%%

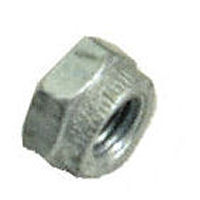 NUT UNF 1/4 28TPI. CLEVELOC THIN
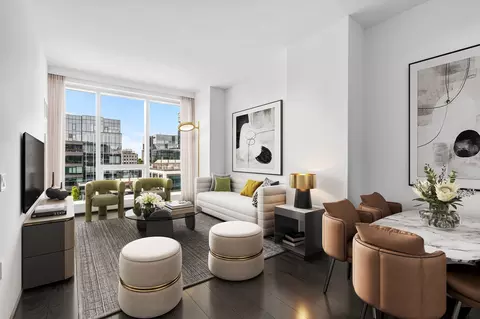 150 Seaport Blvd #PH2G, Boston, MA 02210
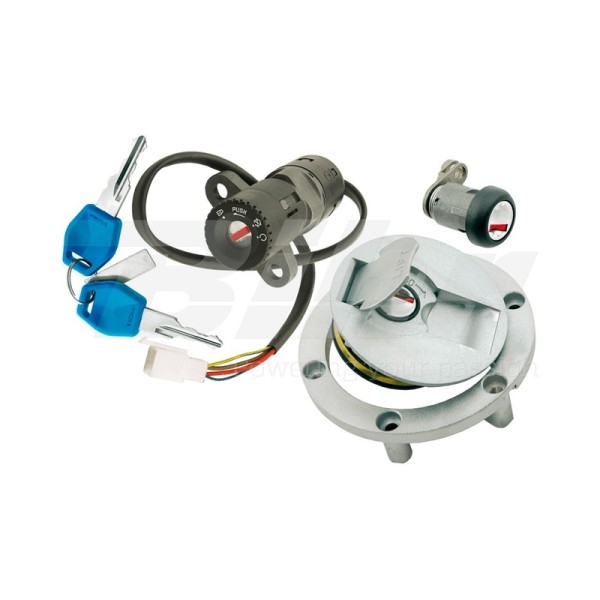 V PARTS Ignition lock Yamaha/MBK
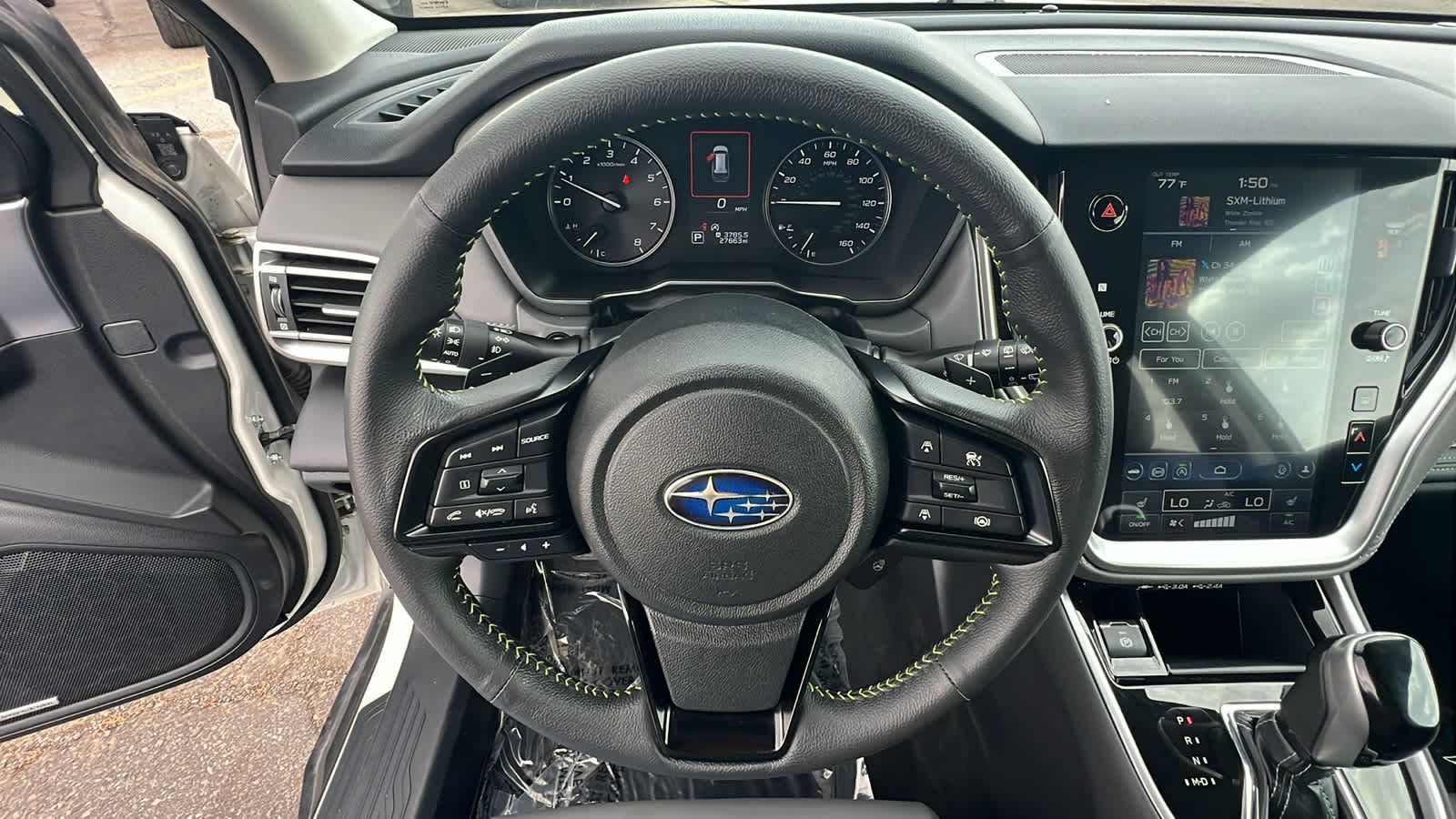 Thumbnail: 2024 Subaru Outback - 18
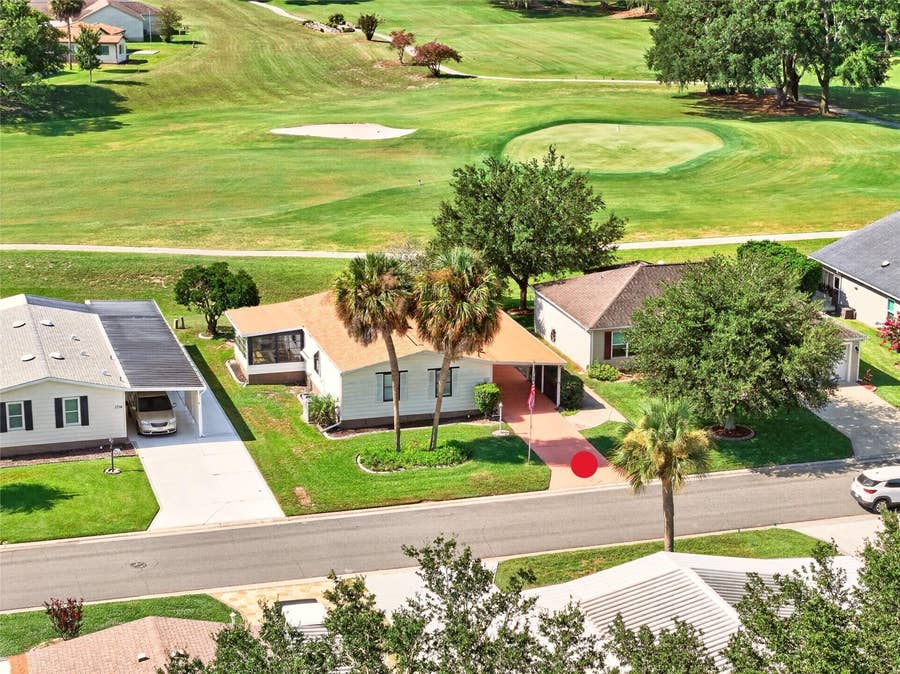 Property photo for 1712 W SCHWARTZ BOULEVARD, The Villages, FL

%%
%%

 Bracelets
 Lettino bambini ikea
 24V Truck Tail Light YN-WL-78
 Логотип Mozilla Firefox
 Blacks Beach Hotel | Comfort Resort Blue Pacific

%%

WHAT TO PRODUCE: Starting at the line containing "NUT UNF 1/4 28TPI. CLEVELOC THIN" and stopping at the line containing "Property photo for", output each line exactly as it appears above. Leave out the pictures.

WORKED SOLUTION:
 NUT UNF 1/4 28TPI. CLEVELOC THIN
 150 Seaport Blvd #PH2G, Boston, MA 02210
 V PARTS Ignition lock Yamaha/MBK
 Thumbnail: 2024 Subaru Outback - 18
 Property photo for 1712 W SCHWARTZ BOULEVARD, The Villages, FL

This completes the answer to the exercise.